- UK 7-inch single cover

Single by Ph.D.

from the album Ph.D.
- B-side: "Hideaway"
- Released: 17 April 1981
- Studio: Ramport (London)
- Genre: Synth-pop
- Length: 4:10
- Label: WEA
- Songwriter(s): Jim Diamond; Tony Hymas;
- Producer(s): Ph.D.

Ph.D. singles chronology
| "Little Suzi's on the Up" (1981) | "I Won't Let You Down" (1981) | "There's No Answer to It" (1982) |

= I Won't Let You Down (Ph.D. song) =

1981 single by Ph.D.

"I Won't Let You Down" is a song by British band Ph.D., released as the second single from their eponymous debut studio album (1981). It entered the Australian charts in October 1981 and reached number five; it entered the UK Singles Chart in April 1982 at number 34, peaked at number three the following month. It went on to become the 23rd best-selling single of 1982 in the UK.

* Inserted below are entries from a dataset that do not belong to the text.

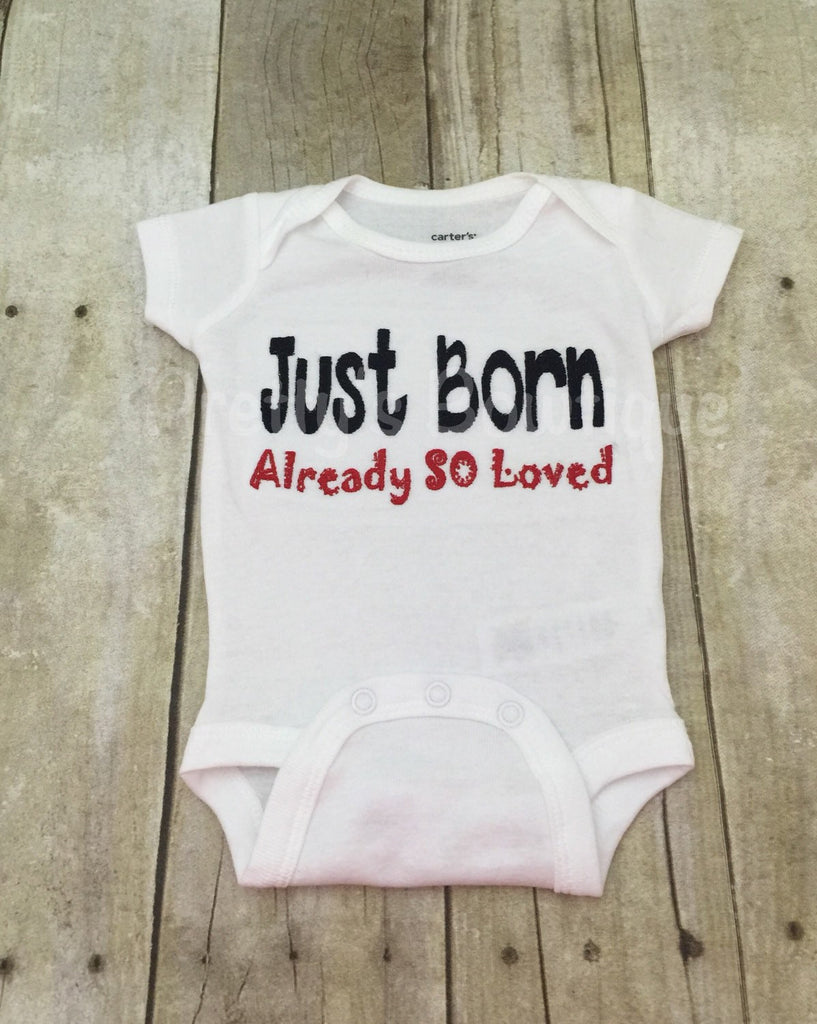 Just Born Already so loved Bodysuit or shirt can be customized Hospital or Coming home outfit baby unisex - Pretty's Bowtique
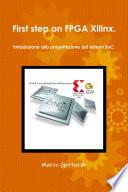 First step on FPGA Xilinx. Introduzione alla progettazione dei sistemi SoC.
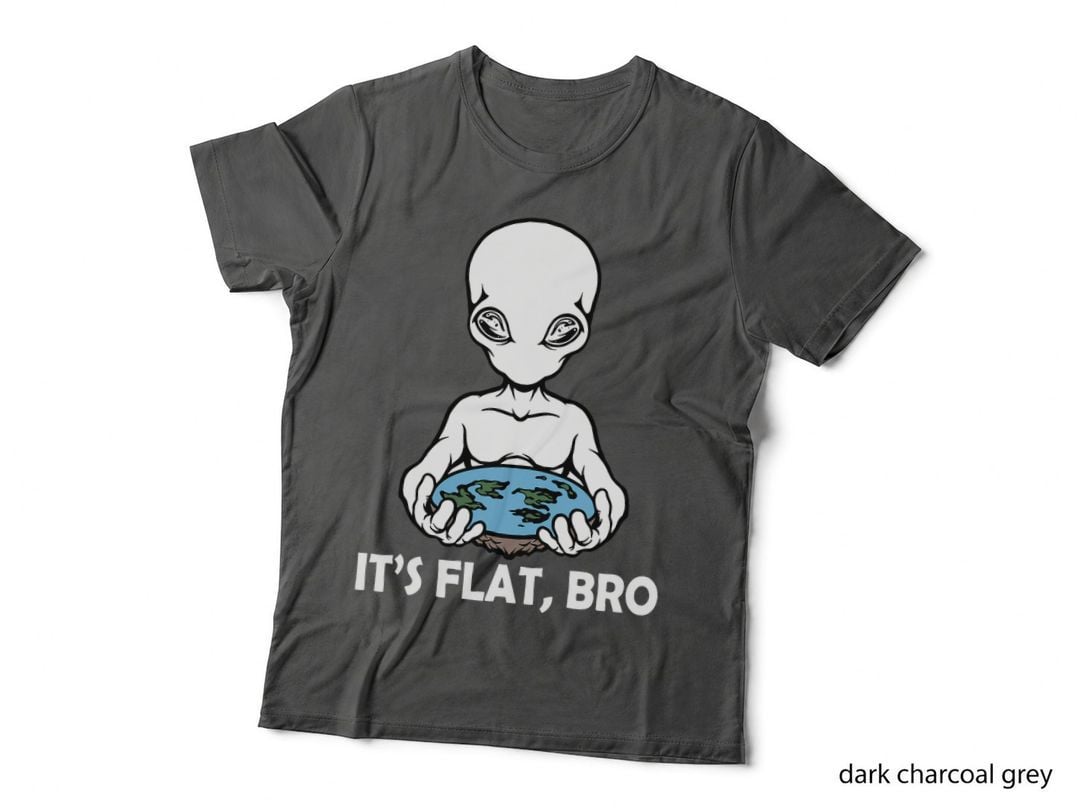 Earth It's Flat Bro Alien Funny Flat Earth Society Saying T-Shirt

It was the band's biggest selling single and became one of lead singer Jim Diamond's signature songs (the song is often incorrectly credited to Diamond himself). Diamond re-recorded the song on his eponymous 1993 album Jim Diamond with a slightly different arrangement, and it remained a staple of his live shows up until his death in 2015.

==Music video==

The original music video for the song was set in and around the Queensway area of West London. As with the band's previous single "Little Suzi's on the Up", the video is shot in a slapstick comedy style and features Jim Diamond as a well-dressed man trying to win back the affections of his lover (played by Nina Carter) (thus mirroring the theme of the song) using presents and taking her to upmarket bars and restaurants. Tony Hymas appears as the video's antagonist; in various scenes dressed in various disguises he makes unsuccessful attempts to assassinate, or maim Diamond's character in order to win the affections of the woman. He is finally successful when, posing as a car dealer, he lures Diamond into a second hand car, which is revealed to be on the end of a crane in a scrapyard being lifted up, whilst Hymas walks away with the girl as the camera zooms out and fades to black.

==Charts==

===Weekly charts===

Weekly chart performance for "I Won't Let You Down"
| Chart (1982) | Peak position |
|---|---|
| Australia (Kent Music Report) | 5 |
| Belgium (Ultratop 50 Flanders) | 1 |
| Ireland (IRMA) | 3 |
| Italy (Musica e dischi) | 2 |
| Netherlands (Dutch Top 40) | 1 |
| Netherlands (Single Top 100) | 1 |
| South Africa (Springbok Radio) | 6 |
| Switzerland (Schweizer Hitparade) | 2 |
| UK Singles (OCC) | 3 |
| West Germany (GfK) | 14 |

===Year-end charts===

Year-end chart performance for "I Won't Let You Down"
| Chart (1982) | Position |
|---|---|
| Australia (Kent Music Report) | 37 |
| Belgium (Ultratop 50 Flanders) | 2 |
| Netherlands (Dutch Top 40) | 2 |
| Netherlands (Single Top 100) | 9 |
| Switzerland (Schweizer Hitparade) | 17 |
| UK Singles (BMRB) | 24 |
| West Germany (Official German Charts) | 28 |

==Certifications==

Certifications for "I Won't Let You Down"
| Region | Certification | Certified units/sales |
| Netherlands (NVPI) | Gold | 100,000^{^} |
| United Kingdom (BPI) | Silver | 250,000^{^} |
^{^} Shipments figures based on certification alone.

==Cover versions==

- In 1992, the song was covered by '2 Boys', which was then released in 1993, produced by Pascal Blach, Samy Deep and Bobby Luccini. The song hit the Dutch and Belgian Charts in 1993, and stayed there for 9 weeks in the Netherlands, peaking on the 20th position, and it stayed for 14 weeks in the Belgian Charts, with a 6th position peak.

- In 1999, Australian singer Kate Ceberano recorded a cover version of "I Won't Let You Down", which was released in July 1999 as the first single for her first compilation album, True Romantic. She performed the song on Hey Hey It's Saturday. The single reached position 50 on the Australian charts.

- An Italian version of the song by Zucchero, titled Tutti i colori della mia vita ("All the Colours of My Life"), was released in 2008. It reached position 7 on the Italian charts.

- American DJ Armand van Helden covered the song under the title Wings (I Won't Let You Down) in 2022, featuring singer Karen Harding.